[Crawled caption data]
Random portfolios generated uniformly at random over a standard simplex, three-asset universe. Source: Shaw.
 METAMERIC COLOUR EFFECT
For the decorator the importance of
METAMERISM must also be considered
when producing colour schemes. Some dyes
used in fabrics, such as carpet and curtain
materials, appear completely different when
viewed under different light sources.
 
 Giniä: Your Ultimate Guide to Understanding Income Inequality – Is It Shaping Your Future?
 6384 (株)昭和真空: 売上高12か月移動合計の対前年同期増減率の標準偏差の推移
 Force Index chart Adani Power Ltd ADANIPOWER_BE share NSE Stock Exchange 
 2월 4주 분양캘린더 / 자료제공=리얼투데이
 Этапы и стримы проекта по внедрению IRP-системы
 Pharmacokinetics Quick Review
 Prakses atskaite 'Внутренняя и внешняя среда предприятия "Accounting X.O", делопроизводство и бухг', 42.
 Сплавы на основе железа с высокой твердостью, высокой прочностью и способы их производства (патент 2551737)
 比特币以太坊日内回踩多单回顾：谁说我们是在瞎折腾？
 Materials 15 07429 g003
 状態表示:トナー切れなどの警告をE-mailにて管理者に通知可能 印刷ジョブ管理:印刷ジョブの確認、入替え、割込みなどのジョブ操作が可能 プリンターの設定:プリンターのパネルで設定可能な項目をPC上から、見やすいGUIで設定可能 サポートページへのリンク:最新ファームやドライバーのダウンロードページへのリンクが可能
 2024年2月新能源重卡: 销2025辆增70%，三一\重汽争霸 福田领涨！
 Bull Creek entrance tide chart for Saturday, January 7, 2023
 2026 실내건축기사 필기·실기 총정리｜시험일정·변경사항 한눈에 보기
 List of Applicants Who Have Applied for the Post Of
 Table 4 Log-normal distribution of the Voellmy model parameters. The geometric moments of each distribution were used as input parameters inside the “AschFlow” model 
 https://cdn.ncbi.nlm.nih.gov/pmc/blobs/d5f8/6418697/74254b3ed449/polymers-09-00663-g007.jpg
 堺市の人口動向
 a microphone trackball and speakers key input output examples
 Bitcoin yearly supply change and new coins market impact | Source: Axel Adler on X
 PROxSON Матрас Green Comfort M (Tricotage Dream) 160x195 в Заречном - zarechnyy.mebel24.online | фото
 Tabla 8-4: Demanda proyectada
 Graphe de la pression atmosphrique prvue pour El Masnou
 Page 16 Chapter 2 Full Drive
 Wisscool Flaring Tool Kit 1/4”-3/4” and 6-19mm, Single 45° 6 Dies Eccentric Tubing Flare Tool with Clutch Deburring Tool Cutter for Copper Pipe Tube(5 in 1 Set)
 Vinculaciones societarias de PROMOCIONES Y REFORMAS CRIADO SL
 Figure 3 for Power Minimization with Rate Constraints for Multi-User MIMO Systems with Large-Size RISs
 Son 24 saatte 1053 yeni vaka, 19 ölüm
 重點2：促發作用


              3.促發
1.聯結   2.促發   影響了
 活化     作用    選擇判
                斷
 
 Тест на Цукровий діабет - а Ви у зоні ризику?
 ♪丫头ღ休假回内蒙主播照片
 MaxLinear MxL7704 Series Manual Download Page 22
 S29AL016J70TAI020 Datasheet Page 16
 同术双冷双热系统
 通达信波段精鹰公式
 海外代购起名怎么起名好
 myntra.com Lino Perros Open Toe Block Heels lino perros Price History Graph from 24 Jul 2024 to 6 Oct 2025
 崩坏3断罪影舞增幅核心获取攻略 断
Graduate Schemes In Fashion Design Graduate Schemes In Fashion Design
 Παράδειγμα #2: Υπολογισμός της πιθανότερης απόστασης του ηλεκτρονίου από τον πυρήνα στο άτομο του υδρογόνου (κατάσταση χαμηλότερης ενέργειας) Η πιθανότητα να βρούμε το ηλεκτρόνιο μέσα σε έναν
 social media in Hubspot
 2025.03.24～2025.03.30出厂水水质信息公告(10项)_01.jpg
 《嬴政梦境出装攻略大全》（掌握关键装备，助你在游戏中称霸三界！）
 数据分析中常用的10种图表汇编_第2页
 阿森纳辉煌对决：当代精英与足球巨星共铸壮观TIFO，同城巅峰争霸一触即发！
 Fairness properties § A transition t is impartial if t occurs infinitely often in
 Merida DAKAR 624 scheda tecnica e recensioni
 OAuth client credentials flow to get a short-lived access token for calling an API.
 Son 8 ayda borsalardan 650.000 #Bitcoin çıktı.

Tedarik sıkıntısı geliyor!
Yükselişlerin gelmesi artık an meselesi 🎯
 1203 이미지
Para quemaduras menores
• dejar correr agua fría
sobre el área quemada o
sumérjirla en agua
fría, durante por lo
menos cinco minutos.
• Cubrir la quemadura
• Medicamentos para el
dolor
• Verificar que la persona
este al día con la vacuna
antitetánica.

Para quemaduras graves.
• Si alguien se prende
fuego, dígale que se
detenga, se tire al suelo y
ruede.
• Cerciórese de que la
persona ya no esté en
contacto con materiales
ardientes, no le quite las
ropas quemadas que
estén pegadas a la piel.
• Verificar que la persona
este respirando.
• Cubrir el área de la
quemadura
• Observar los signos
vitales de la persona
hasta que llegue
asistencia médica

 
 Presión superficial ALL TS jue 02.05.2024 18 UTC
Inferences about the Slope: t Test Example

# EXERCISE REQUIREMENTS
All of the records above need to be copied exactly.

# TASK RESULT
Random portfolios generated uniformly at random over a standard simplex, three-asset universe. Source: Shaw.
 METAMERIC COLOUR EFFECT
For the decorator the importance of
METAMERISM must also be considered
when producing colour schemes. Some dyes
used in fabrics, such as carpet and curtain
materials, appear completely different when
viewed under different light sources.
 
 Giniä: Your Ultimate Guide to Understanding Income Inequality – Is It Shaping Your Future?
 6384 (株)昭和真空: 売上高12か月移動合計の対前年同期増減率の標準偏差の推移
 Force Index chart Adani Power Ltd ADANIPOWER_BE share NSE Stock Exchange 
 2월 4주 분양캘린더 / 자료제공=리얼투데이
 Этапы и стримы проекта по внедрению IRP-системы
 Pharmacokinetics Quick Review
 Prakses atskaite 'Внутренняя и внешняя среда предприятия "Accounting X.O", делопроизводство и бухг', 42.
 Сплавы на основе железа с высокой твердостью, высокой прочностью и способы их производства (патент 2551737)
 比特币以太坊日内回踩多单回顾：谁说我们是在瞎折腾？
 Materials 15 07429 g003
 状態表示:トナー切れなどの警告をE-mailにて管理者に通知可能 印刷ジョブ管理:印刷ジョブの確認、入替え、割込みなどのジョブ操作が可能 プリンターの設定:プリンターのパネルで設定可能な項目をPC上から、見やすいGUIで設定可能 サポートページへのリンク:最新ファームやドライバーのダウンロードページへのリンクが可能
 2024年2月新能源重卡: 销2025辆增70%，三一\重汽争霸 福田领涨！
 Bull Creek entrance tide chart for Saturday, January 7, 2023
 2026 실내건축기사 필기·실기 총정리｜시험일정·변경사항 한눈에 보기
 List of Applicants Who Have Applied for the Post Of
 Table 4 Log-normal distribution of the Voellmy model parameters. The geometric moments of each distribution were used as input parameters inside the “AschFlow” model 
 https://cdn.ncbi.nlm.nih.gov/pmc/blobs/d5f8/6418697/74254b3ed449/polymers-09-00663-g007.jpg
 堺市の人口動向
 a microphone trackball and speakers key input output examples
 Bitcoin yearly supply change and new coins market impact | Source: Axel Adler on X
 PROxSON Матрас Green Comfort M (Tricotage Dream) 160x195 в Заречном - zarechnyy.mebel24.online | фото
 Tabla 8-4: Demanda proyectada
 Graphe de la pression atmosphrique prvue pour El Masnou
 Page 16 Chapter 2 Full Drive
 Wisscool Flaring Tool Kit 1/4”-3/4” and 6-19mm, Single 45° 6 Dies Eccentric Tubing Flare Tool with Clutch Deburring Tool Cutter for Copper Pipe Tube(5 in 1 Set)
 Vinculaciones societarias de PROMOCIONES Y REFORMAS CRIADO SL
 Figure 3 for Power Minimization with Rate Constraints for Multi-User MIMO Systems with Large-Size RISs
 Son 24 saatte 1053 yeni vaka, 19 ölüm
 重點2：促發作用


              3.促發
1.聯結   2.促發   影響了
 活化     作用    選擇判
                斷
 
 Тест на Цукровий діабет - а Ви у зоні ризику?
 ♪丫头ღ休假回内蒙主播照片
 MaxLinear MxL7704 Series Manual Download Page 22
 S29AL016J70TAI020 Datasheet Page 16
 同术双冷双热系统
 通达信波段精鹰公式
 海外代购起名怎么起名好
 myntra.com Lino Perros Open Toe Block Heels lino perros Price History Graph from 24 Jul 2024 to 6 Oct 2025
 崩坏3断罪影舞增幅核心获取攻略 断
Graduate Schemes In Fashion Design Graduate Schemes In Fashion Design
 Παράδειγμα #2: Υπολογισμός της πιθανότερης απόστασης του ηλεκτρονίου από τον πυρήνα στο άτομο του υδρογόνου (κατάσταση χαμηλότερης ενέργειας) Η πιθανότητα να βρούμε το ηλεκτρόνιο μέσα σε έναν
 social media in Hubspot
 2025.03.24～2025.03.30出厂水水质信息公告(10项)_01.jpg
 《嬴政梦境出装攻略大全》（掌握关键装备，助你在游戏中称霸三界！）
 数据分析中常用的10种图表汇编_第2页
 阿森纳辉煌对决：当代精英与足球巨星共铸壮观TIFO，同城巅峰争霸一触即发！
 Fairness properties § A transition t is impartial if t occurs infinitely often in
 Merida DAKAR 624 scheda tecnica e recensioni
 OAuth client credentials flow to get a short-lived access token for calling an API.
 Son 8 ayda borsalardan 650.000 #Bitcoin çıktı.

Tedarik sıkıntısı geliyor!
Yükselişlerin gelmesi artık an meselesi 🎯
 1203 이미지
Para quemaduras menores
• dejar correr agua fría
sobre el área quemada o
sumérjirla en agua
fría, durante por lo
menos cinco minutos.
• Cubrir la quemadura
• Medicamentos para el
dolor
• Verificar que la persona
este al día con la vacuna
antitetánica.

Para quemaduras graves.
• Si alguien se prende
fuego, dígale que se
detenga, se tire al suelo y
ruede.
• Cerciórese de que la
persona ya no esté en
contacto con materiales
ardientes, no le quite las
ropas quemadas que
estén pegadas a la piel.
• Verificar que la persona
este respirando.
• Cubrir el área de la
quemadura
• Observar los signos
vitales de la persona
hasta que llegue
asistencia médica

 
 Presión superficial ALL TS jue 02.05.2024 18 UTC
Inferences about the Slope: t Test Example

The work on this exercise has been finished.